大まかに言って、イロハモミジとオオモミジは太平洋側、ヤマモミジは日本海側に自生する。
葉は、イロハモミジとヤマモミジは重鋸歯、オオモミジは単鋸歯である。
翼果は、イロハモミジは水平に開き、葉の上からかぶさるように実をつける。
ヤマモミジとオオモミジは、開いたV字型かU字型で、葉の下にぶら下がるように付く。
イロハモミジは極端な日陰でない限り紅葉するが、
ヤマモミジとオオモミジは黄葉、紅葉、源平と個体差がある。
2014/4/18
多摩川への道路脇で、イロハモミジが多くの花序を出し、小さな花をたくさん付けていました。
黄緑色の花弁よりも、赤い萼片の方が目立ちます。
2015/3/31(雄花) 2015/4/16 2015/4/16(両性花)
昨年、花に気が付いた時には両性花のみになっていたので、今年は気を付けてみていました。
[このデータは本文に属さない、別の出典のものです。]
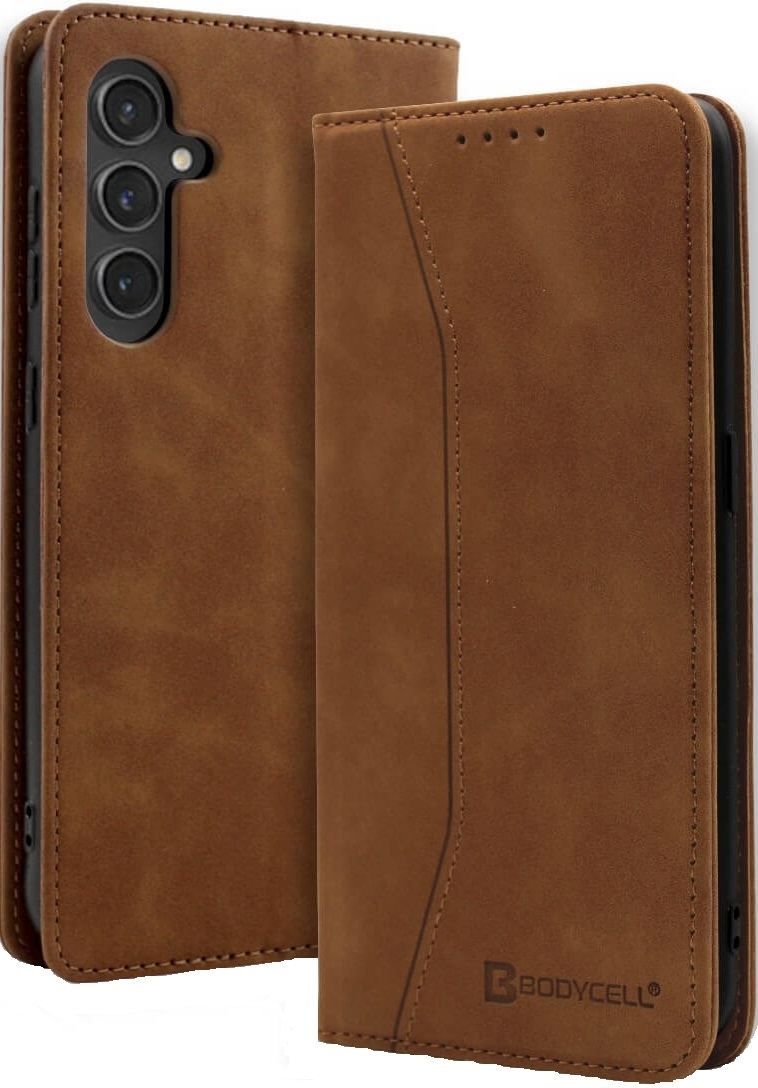 Θήκη Πορτοφόλι - Samsung Galaxy A35 - Bodycell Book Case - Brown (5206015072130)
すると、最初に開花するのは雄花ばかりで、その後、両性花が咲きだしました。
中央の写真は、下が両性花で、上が雄花です。花の構造がずいぶん異なることが分かります。
2014/5/9
翼果もすっかり大きくなり、赤みを帯びた大きな翼が目を引きます。
多くは、2個の翼果が向かい合って付いていますが、3個の翼果が付いたものもありました。
2014/6/3
赤みを帯びていた翼果ですが、すっかり赤みが抜けて、緑色になっていました。
2014/10/21
翼果の成熟が進み、春先と同じように翼に赤みが入ってきました。